SHABBAT: YESHIVAT HAVERIM – BABYLONIAN TALMUD p53
MISHNA VII.: For three sins women die of childbirth: for negligence (of the laws) during their
menstruation, neglect of separating the first dough, and for neglecting to light the (Sabbath)
lamp.
GEMARA: Why so? Thus a Galilean master lectured before R. Hisda: The Holy One, blessed
be He, says: I have created you with power of blood; I have warned you concerning blood; I
have called you “the first produce” [Jer. ii. 3], and charged you to sacrifice the “first of your
dough” [Numb. xvi. 21]; the soul that I gave you is called a light, and I have charged you
concerning the (Sabbath) light. If you observe these things, it is well; if not, I shall take your
souls. But why should this happen at the time of childbirth? Said Rabha: When the ox falls or is
felled, it is time to sharpen the knife. 1
And when are the sins of men passed upon? Said Resh Lakish: When they pass a dangerous
place that is like a bridge (which is unsafe). Rabh would not embark on a ship that carried an
idolater. Said he: “His time to be punished may come, and I (being on the same vessel) may
have to suffer with him.” Samuel, however, would go to sea only on a vessel which carried
idolaters, saying: “Satan hardly ever metes out punishment to two people” (of different beliefs).

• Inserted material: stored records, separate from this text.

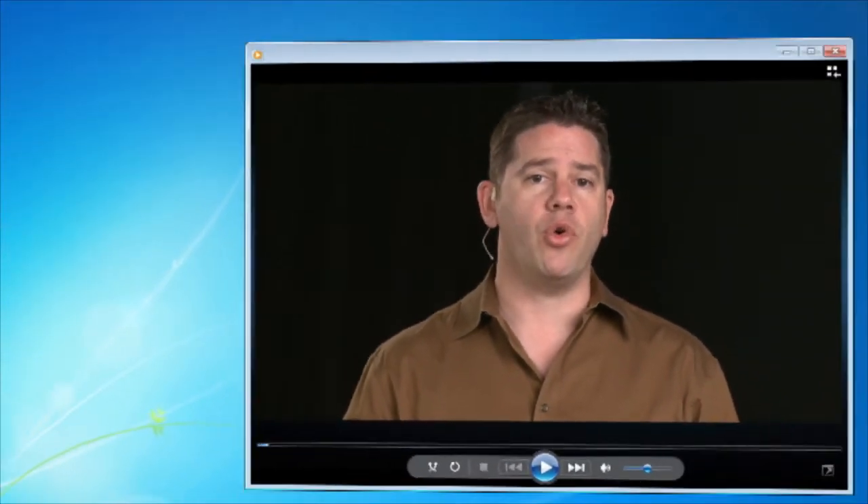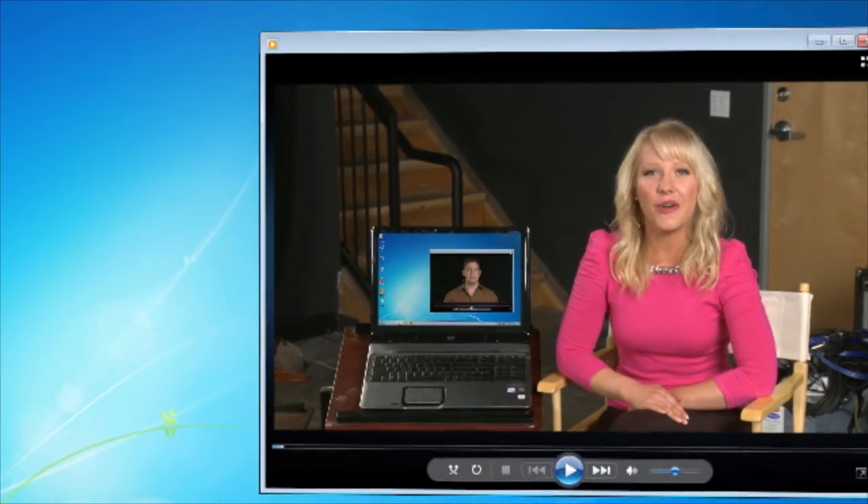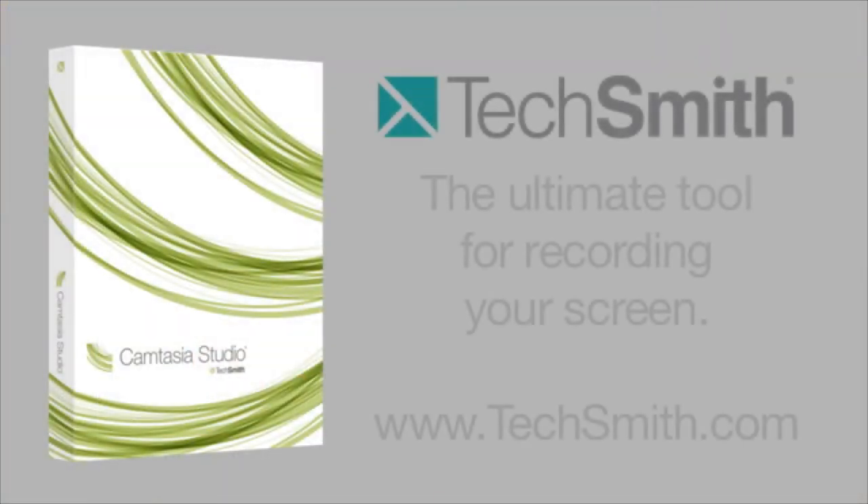If you need to make recordings of your computer screen, there's no better tool than Camtasia from TechSmith. In fact, you're watching a screen recording of this video right now. Camtasia can record your screen, your webcam, and high-quality audio at the same time. It's perfect for training, presentations, podcasts, or any time you need to show what's going on on your computer. Camtasia is easy to use but also extremely powerful — you can turn screen recordings into high-quality polished video and share them with the world. Available for Mac and PC.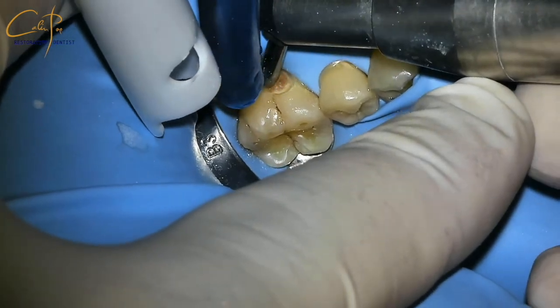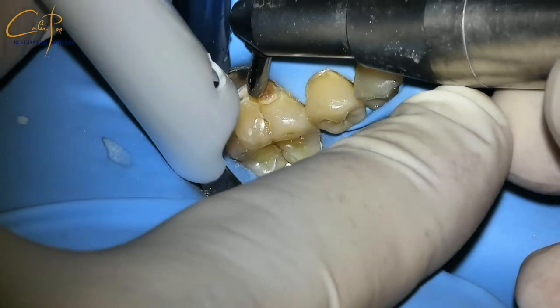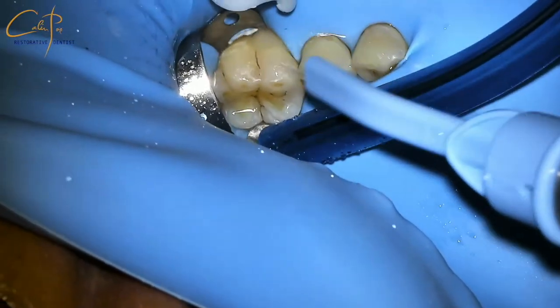Everything is nicely isolated now, so I can carry on with sandblasting and then selective etch. This is such an amazing instrument — look how nicely the adaptation process goes. Try to imagine doing this without rubber dam. Some extra polishing and the case is finished.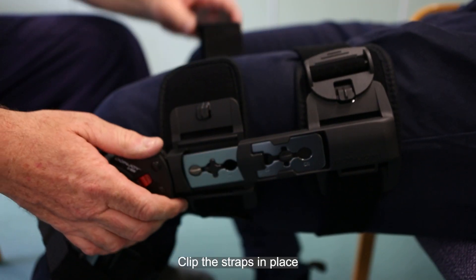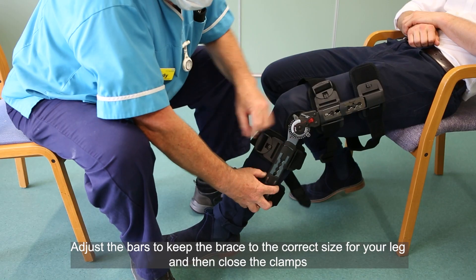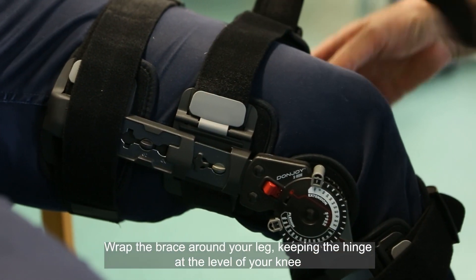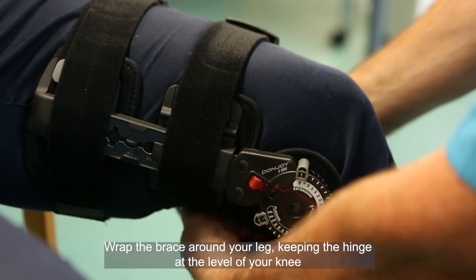Clip the straps in place. Adjust the bars to keep the brace to the correct size for your leg and then close the clamps. Wrap the brace around your leg, keeping the hinge at the level of your knee.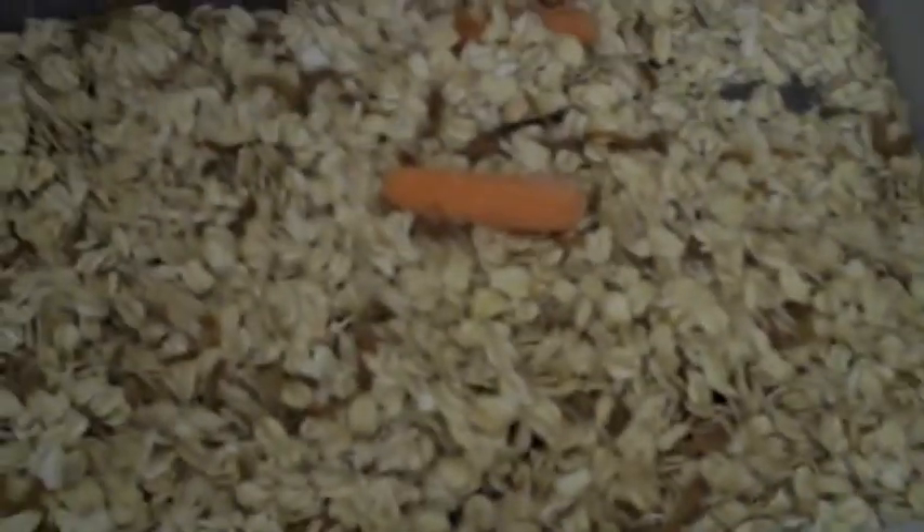When you put the mealworms in there, they're probably going to come in a blue tub that you got. Or if you order in bulk, they may have a little kind of dusty substrate. If they do, dump that in there and just shift it around like this. And then you're done.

R. Janai always examined a vessel before he embarked. This he did in conformity with his own
theory elsewhere, for thus he taught: “A man should never place himself in danger, expecting
that a miracle will be wrought for him; for it may be that no such miracle will be wrought, and if
a miracle is wrought for him, it will be deducted from the reward due his merits in the
world to come.” And R. Hanin said: “Where is this to be found in the Scripture?” From the
verse: “I am not worthy of all thy kindness and of all thy truth” [Gen. xxxii. 11]. R. Zera would
never walk under date trees in stormy weather. R. Itz’hak b. R. Jehudah said: A man must
always pray that he should not become sick, for if sickness befall him, he must be possessed of
special virtues in order to get well again. And to the question of Mar Uqba: Is this to be found in
the Scripture? He was told that the school of R. Ishmael maintains the passage in question is to
be taken from Deut. xxii. 8–viz.: “Peradventure one may fall down from there.” The word
“Hanofel,” which is in the past tense and implies that he has fallen down, although such a case
had not happened as yet, is simply a matter of conjecture on the part of this school, which
considered a predestined thing as a matter that had already occurred, because the fall was
already predestined for the guilty person; as it is said: The reward of virtue is, however, brought
about by a meritorious person, while the chastisement for sin is dealt out through a sinner (and
his not making a railing around his roof constitutes him a guilty person). [See Deut. xxii. 8.]